----- DATA FOR REVIEW
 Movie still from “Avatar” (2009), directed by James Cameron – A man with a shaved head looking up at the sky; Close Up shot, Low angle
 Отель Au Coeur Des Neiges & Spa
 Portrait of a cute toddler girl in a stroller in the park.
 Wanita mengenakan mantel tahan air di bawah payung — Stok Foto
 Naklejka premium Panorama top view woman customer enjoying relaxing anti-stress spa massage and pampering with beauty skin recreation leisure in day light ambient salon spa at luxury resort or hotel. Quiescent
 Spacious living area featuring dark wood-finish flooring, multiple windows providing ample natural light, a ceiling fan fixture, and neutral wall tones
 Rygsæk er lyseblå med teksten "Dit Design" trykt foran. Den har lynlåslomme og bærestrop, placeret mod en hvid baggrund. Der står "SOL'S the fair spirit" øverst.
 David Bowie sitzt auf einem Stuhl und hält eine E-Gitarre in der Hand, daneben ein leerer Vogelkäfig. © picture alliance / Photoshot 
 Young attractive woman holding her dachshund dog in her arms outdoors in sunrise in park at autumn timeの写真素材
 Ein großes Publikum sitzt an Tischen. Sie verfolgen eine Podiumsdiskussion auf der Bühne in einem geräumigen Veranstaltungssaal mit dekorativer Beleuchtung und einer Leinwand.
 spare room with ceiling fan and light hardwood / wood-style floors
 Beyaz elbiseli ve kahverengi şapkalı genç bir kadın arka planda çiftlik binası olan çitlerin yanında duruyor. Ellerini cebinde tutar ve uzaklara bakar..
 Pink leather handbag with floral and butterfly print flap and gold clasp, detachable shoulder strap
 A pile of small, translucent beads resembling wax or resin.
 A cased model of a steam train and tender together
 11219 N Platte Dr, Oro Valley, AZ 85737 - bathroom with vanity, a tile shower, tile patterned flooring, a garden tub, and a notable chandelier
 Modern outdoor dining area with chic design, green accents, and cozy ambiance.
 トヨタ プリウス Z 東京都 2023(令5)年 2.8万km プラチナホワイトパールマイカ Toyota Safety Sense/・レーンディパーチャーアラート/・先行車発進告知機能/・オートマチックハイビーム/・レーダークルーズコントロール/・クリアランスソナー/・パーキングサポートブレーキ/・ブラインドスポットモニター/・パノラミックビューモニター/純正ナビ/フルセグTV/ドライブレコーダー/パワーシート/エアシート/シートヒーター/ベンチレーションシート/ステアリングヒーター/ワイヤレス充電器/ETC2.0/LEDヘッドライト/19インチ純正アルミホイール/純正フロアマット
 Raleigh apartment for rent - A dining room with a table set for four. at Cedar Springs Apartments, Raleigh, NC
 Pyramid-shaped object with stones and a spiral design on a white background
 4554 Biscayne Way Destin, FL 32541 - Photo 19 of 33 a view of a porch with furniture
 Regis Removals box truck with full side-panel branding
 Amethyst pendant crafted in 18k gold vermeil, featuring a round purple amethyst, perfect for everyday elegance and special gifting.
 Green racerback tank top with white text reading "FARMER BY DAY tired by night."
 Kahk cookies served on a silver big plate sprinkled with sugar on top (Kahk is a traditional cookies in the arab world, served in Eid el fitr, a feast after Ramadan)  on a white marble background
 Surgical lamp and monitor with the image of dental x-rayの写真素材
----------
(PROBLEM STATEMENT):
The lines above, from the start of the records through the one containing "Wanita mengenakan mantel", are to be printed exactly, and nothing else is to be included.

(TASK ANSWER):
 Movie still from “Avatar” (2009), directed by James Cameron – A man with a shaved head looking up at the sky; Close Up shot, Low angle
 Отель Au Coeur Des Neiges & Spa
 Portrait of a cute toddler girl in a stroller in the park.
 Wanita mengenakan mantel tahan air di bawah payung — Stok Foto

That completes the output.